Et c’est toujours une joie sans égale que de découvrir la dernière création capillaire qui aura l’insigne honneur d’orner le merveilleux crâne de Nic Cage. Puisqu’il le vaut bien, et parce que le port constant du heaume n’est guère tendre pour le cuir chevelu, ce sont des pointes bien grasses et d’un blond vénitien sale que nous verrons virevolter durant une fascinante heure trente.
Se déroulent alors sous nos yeux ébahis de captivants affrontements contre les infidèles — été, automne comme hiver, dans la brise printanière, sous la pluie, dans la boue, la neige, au centre des villes et des campagnes, voire en plein désert (au bout d’un moment, on ne sait plus trop qui est qui, on perd le fil de l’épée et pour tout dire, on s’en cogne) où le fameux Templier Behmen de Bleibruck, flanqué de son fidèle compagnon (soit l’impayable Ron Perlman qui s’amuse comme un petit fou dans cette aimable plaisanterie à ne guère prendre au sérieux), pourfend généreusement l’ennemi dans l’ignorance crasse que ce dernier est en lui.
Jusqu’au jour où se battant dans l’obscurité — car le film est bien sombre, et ce n’est pas une litote —, vlan ! ne voilà-t-il pas que notre preux transperce de manière fort peu chrétienne une gente dame qui passait par là. Et la lumière fut.
Enfer et croisés putréfiés ! Ses yeux cernés se dessillent ; le sieur de Bleibruck comprend enfin que les mécréants décédés sur tant de champs de bataille ne lui ont laissé à écharper que femmes et enfants. Arrrgh ! Dieu mais que d’horreurs ne commet-on pas en ton nom ! (air connu) brame notre Behmen, et d’un blasphème l’autre, le voici déserteur, dégouté des saloperies de la vie, à jamais stigmatisé par sa faute, sa très grande faute.
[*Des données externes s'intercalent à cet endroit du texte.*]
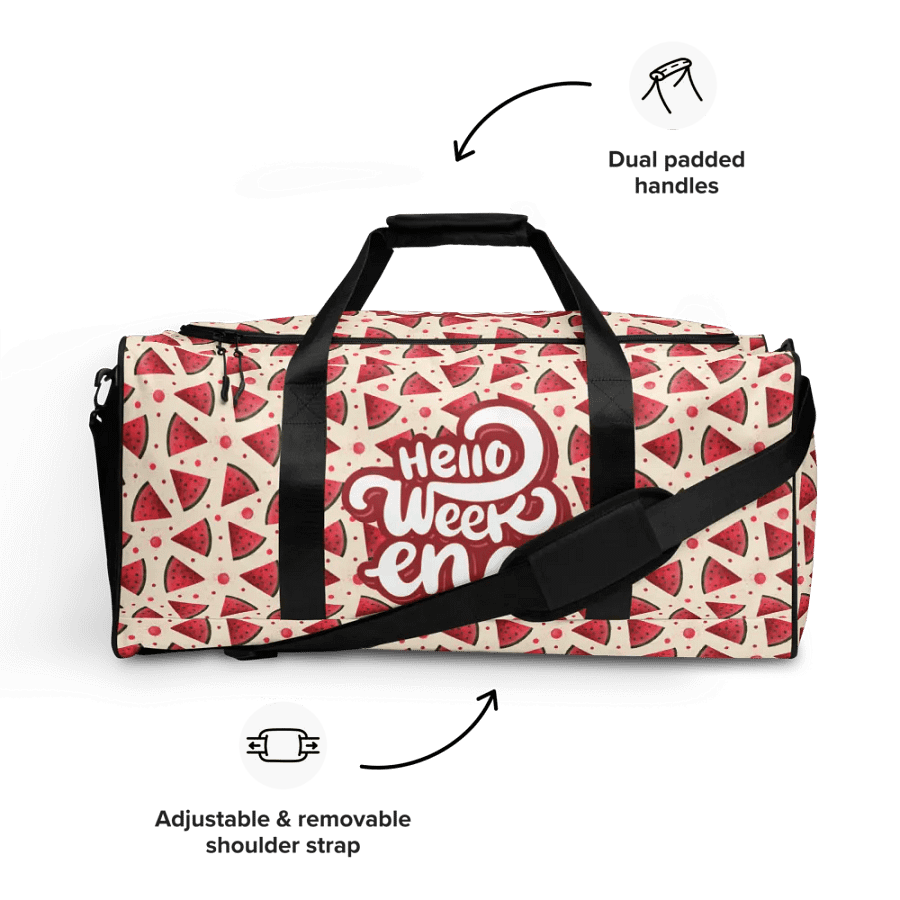 Hello Weekend Watermelon All Over Print Duffel Bag product image (11)
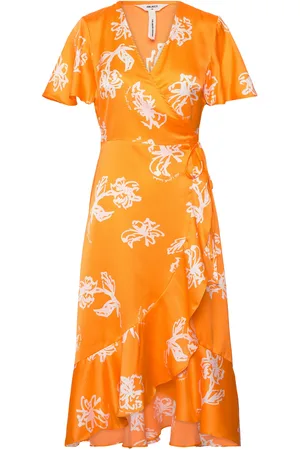 Object Objissy Papaya S/S Midi Wrap Dress 127 Orange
Et notre pauvre hère de errer, accompagné de son croisé de compère qui ne cause — dans l’espoir fou de le dérider — que de trousser la gueuse une fois rentré au pays. Mais la peste est partout. Et les délateurs itou. Trahi par le pommeau de son épée, le voilà jeté en un cachot obscur d’où il ne sera tiré que s’il accepte une mission secrète dont le haut dignitaire responsable de ce chantage niera avoir eu connaissance en cas d’échec. Diable ! Le suspense est à son comble.
Car sa sainteté n’est autre que l’increvable Christopher Lee, méconnaissable en cardinal souffreteux (saignées et bubons à tous les repas, remercions les maquilleurs de l’avoir déguisé en homme qui rit. Car oui, il faut bien l’avouer, nous avons ri, aussi). Hors donc, le décati le somme d’accompagner une accorte sorcière*** en une lointaine abbaye sur une route semée d’embûches — où il aura tout loisir de faire contrition — aux fins que la péronnelle soit jugée, puis au choix, pendue, noyée, brulée, écorchée vive, voire exorcisée. L’important est que cette chienne paie sa forfaiture de sa vie car Satan l’habite (oups ! j’ai spoilé) et que cesse enfin cette infamie qui décime la chrétienté déjà bien entamée par d’incessantes batailles pleines de bruit et de fureur qui ne signifient plus grand chose.
Je ne sers plus Dieu croasse Behmen de Bleibruck tandis que Perlman se gausse. Un œil sur la pauvre fille martyrisée par le tonsuré du coin et un regain de folle chevalerie enflamme le cœur accablé de Behmen qui n’écoutant que son sens moral (et les écrits du scénariste) accepte finalement de faire un beau geste. Car Templier un jour, Templier toujours.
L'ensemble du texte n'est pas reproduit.